Prompt:
Print, please, the line that contains "Black Crystal Spider" and each line after it to the end of the entries, unchanged and with nothing else.

Records drawn from a dataset:
= = = = = = =
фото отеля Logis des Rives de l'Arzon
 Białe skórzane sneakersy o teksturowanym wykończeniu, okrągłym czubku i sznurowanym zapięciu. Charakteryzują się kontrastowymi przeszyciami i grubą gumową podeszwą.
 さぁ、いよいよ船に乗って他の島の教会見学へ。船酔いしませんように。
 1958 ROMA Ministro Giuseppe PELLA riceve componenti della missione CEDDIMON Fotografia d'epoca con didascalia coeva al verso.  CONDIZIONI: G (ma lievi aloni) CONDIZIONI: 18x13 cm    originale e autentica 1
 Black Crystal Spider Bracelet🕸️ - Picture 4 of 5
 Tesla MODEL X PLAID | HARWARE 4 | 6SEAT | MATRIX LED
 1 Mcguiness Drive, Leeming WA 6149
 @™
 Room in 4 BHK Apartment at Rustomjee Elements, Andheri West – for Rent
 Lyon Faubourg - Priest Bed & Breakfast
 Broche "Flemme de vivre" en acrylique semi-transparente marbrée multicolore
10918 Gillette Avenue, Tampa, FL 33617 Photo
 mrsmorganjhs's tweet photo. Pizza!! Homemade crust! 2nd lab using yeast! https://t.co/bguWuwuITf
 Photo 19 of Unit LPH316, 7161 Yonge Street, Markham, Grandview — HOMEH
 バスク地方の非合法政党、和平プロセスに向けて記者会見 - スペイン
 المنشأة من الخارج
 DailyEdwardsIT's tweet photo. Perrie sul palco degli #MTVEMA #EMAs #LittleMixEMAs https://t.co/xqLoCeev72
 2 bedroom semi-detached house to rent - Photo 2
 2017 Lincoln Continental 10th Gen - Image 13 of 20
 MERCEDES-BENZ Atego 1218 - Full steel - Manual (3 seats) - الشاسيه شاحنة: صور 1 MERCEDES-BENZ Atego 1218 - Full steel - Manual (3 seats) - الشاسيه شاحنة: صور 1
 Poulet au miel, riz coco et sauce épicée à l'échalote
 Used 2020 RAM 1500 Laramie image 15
= = = = = = =
Reply to the task:
 Black Crystal Spider Bracelet🕸️ - Picture 4 of 5
 Tesla MODEL X PLAID | HARWARE 4 | 6SEAT | MATRIX LED
 1 Mcguiness Drive, Leeming WA 6149
 @™
 Room in 4 BHK Apartment at Rustomjee Elements, Andheri West – for Rent
 Lyon Faubourg - Priest Bed & Breakfast
 Broche "Flemme de vivre" en acrylique semi-transparente marbrée multicolore
10918 Gillette Avenue, Tampa, FL 33617 Photo
 mrsmorganjhs's tweet photo. Pizza!! Homemade crust! 2nd lab using yeast! https://t.co/bguWuwuITf
 Photo 19 of Unit LPH316, 7161 Yonge Street, Markham, Grandview — HOMEH
 バスク地方の非合法政党、和平プロセスに向けて記者会見 - スペイン
 المنشأة من الخارج
 DailyEdwardsIT's tweet photo. Perrie sul palco degli #MTVEMA #EMAs #LittleMixEMAs https://t.co/xqLoCeev72
 2 bedroom semi-detached house to rent - Photo 2
 2017 Lincoln Continental 10th Gen - Image 13 of 20
 MERCEDES-BENZ Atego 1218 - Full steel - Manual (3 seats) - الشاسيه شاحنة: صور 1 MERCEDES-BENZ Atego 1218 - Full steel - Manual (3 seats) - الشاسيه شاحنة: صور 1
 Poulet au miel, riz coco et sauce épicée à l'échalote
 Used 2020 RAM 1500 Laramie image 15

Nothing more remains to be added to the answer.